Lackberg, Camilla – ‘The Gallows Bird’ (translated by Steven T Murray)
Hardback: 384 pages (Mar. 2011) Publisher: HarperCollins ISBN: 0007254008
The fourth in the Erica Falck-Patrik Hedstrom series set in Fjällbacka and Tanumshede, south-west Sweden, contains all the ingredients that made the previous three novels such a success. What’s more, like many of the better crime-fiction series, one can read THE GALLOWS BIRD without having first read the previous novels, though readers will probably enjoy it more if they have.

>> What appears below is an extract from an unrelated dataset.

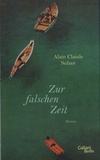 Alain Claude Sulzer - Zur falschen Zeit.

The backbone of the series is the relationship between Erica, a writer, and Patrik, a police detective, who get together in the first novel (THE ICE PRINCESS); by the time THE GALLOWS BIRD opens, they are living together, have a cute baby and are very soon to be married. Another recurring theme is that of Erica’s sister Anna, the victim of dreadful domestic abuse, made even harder for Anna to deal with because she has two very young children herself. In THE GALLOWS BIRD, Anna is living with Erica; her presence in the novel and the sisters’ relationship add to its emotional depth. Another factor that ties together the series is the Tanumshede police station, where we follow the lives of Patrik (who acts as a proxy for the lazy, rather stupid chief Mellberg) and his colleagues from book to book.

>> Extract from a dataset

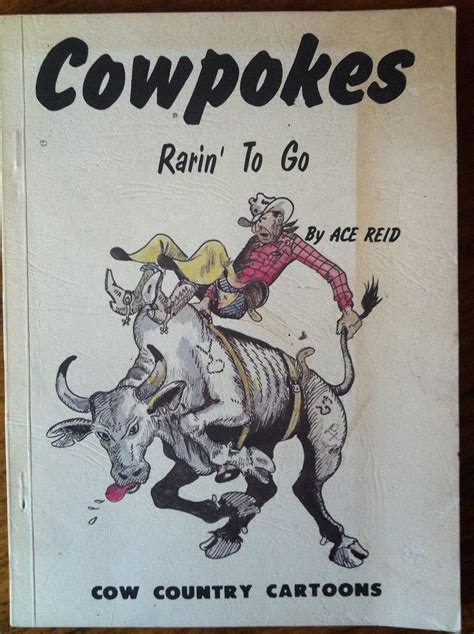 Cowpokes Rarin To Go Cow Country Cartoons Ace Reid Ace Reid Amazon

The focus of each novel, however, is a crime (or crimes) that is independent of the other books. Here, the story starts in a rather bitty way, as Patrik is called out to a fatal car crash that turns out to be non-accidental, and a coach-load of ghastly teenagers turns up to take part in a fifth-rate reality TV show. Soon the teens are making a nuisance of themselves by getting drunk, fighting, and displaying their various neuroses (or worse) as they fulfil their contract by undertaking menial jobs and being filmed working and interacting (mainly arguing) with each other. The town worthies are only too delighted with the nationwide publicity, but it isn’t so easy for Patrik and colleagues to cope with the fallout. Eventually, one of the contestants is found dead, so the police have to investigate the crime while suffering continual media interference as well as the obstructiveness of the show’s materialistic producers and sullen participants.

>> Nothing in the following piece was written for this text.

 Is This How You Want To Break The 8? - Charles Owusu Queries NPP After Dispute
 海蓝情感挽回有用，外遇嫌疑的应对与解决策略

As usual, I felt that Patrik and colleagues were occasionally a bit slow off the mark to make rather obvious connections or to pick up on clues, and some aspects of the plot depended on people not looking up relevant information in archives or being on holiday so not replying to requests for information. Another of my pet-hates features in the book; passages in italics interspersed with the main story purporting to come from the “mind of the killer”. Nevertheless, both investigations are solidly and engagingly depicted; particularly noteworthy is the sensitivity of Patrik and most of his colleagues to vulnerable witnesses, some of whom are portrayed vividly (for example Sophie, the daughter of the car crash victim). In the end, however, the (rather too clearly signalled) solution was too far-fetched for my taste.
The personal story of Erica and her circle is a strong theme in the novel, and although quite a heavy dose of romance is present here in the form of her preparations for her wedding, this gives the book a warm heart despite some of the nasty, long-standing secrets that underlie the rest of the story. At the end of the book, Erica makes an intriguing discovery about a mystery in her own past that I look forward to her investigating in future. In the meantime, I recommend THE GALLOWS BIRD as a book by a natural storyteller that is both easy and pleasurable to read – and how nice to see the translator praised on the cover of the book, a far too rare occurrence in my experience.